At my barn we not only stop to let them pee, but we get up in the two-point for the duration, so as to give them as much freedom as possible. Mostly it's for the geldings because they have to park out so much, but we do mares as well.

Pooping depends on the horse. We will /attempt/ to push them all through it, but most of the ponies are so used to stopping that it's nearly impossible to make them go through it.


----------



## milk (Oct 9, 2011)

excellent. so assuming that I want to teach my horse to walk on during the poo session, how would i go about doing that? kicking the crap out of him doesn't make much since to me.


----------



## Nevreme (Feb 23, 2012)

Well, that's basically how you do it, haha! A good whack with a crop or some kicking will get them moving most of the time, and after a couple attempts they'll realize that their job is to keep moving through it. After a while, they don't even think about it anymore. One of the former eventers at my barn will jump and poo at the same time, and while that's not ideal by any means it does show how much he simply doesn't care.


----------



## bsms (Dec 31, 2010)

If you kick the crap out of him, there will be no poo left to deal with...

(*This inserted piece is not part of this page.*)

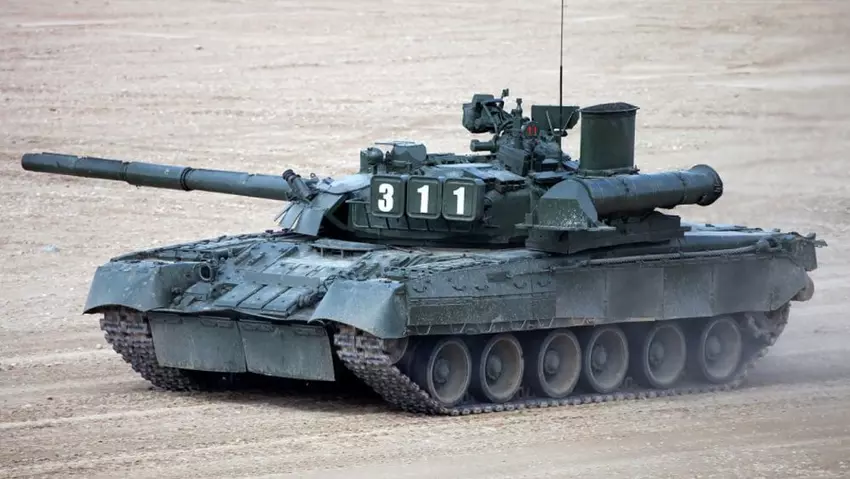 De Oekraïense strijdkrachten gebruiken een zeer zeldzame "vrouwelijke" T-80UE-1 showman tank, die werd veroverd op het Russische leger.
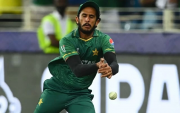 Hasan Ali drops the catch of Matthew Wade. (Photo by Alex Davidson/Getty Images)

I usually let my horse stop when pooping. With my horses, it only takes a squeeze to keep them moving thru the movement, so to speak.


----------



## Skyseternalangel (Jul 23, 2011)

milk said:


> excellent. so assuming that I want to teach my horse to walk on during the poo session, how would i go about doing that? kicking the crap out of him doesn't make much since to me.


Ask first with your calf squeeze.. and up the pressure until they listen. Don't be afraid to give them a good smack on their bottoms if they ignore you for more than 2 seconds. (to back up your leg)


----------



## FlyGap (Sep 25, 2011)

Funny!
I let mine stop to poo, unless we are training to show.
Now my Rick REFUSES TO PEE with me in the saddle! He gets really antsy, balks, spins, and gets mouthy. I figured out the problem so before it escalates I dismount and he does his biz! Lol! It's hilarious and he rides soooo much better afterwards, like a new man! Funny boy!
_Posted via Mobile Device_


----------



## milk (Oct 9, 2011)

I guess also a good thing to start with would be to not let him poo while lunging either... excellent!


----------



## Darrin (Jul 11, 2011)

My horses always poo on the go, just don't let them stop and they figure it out right quick. 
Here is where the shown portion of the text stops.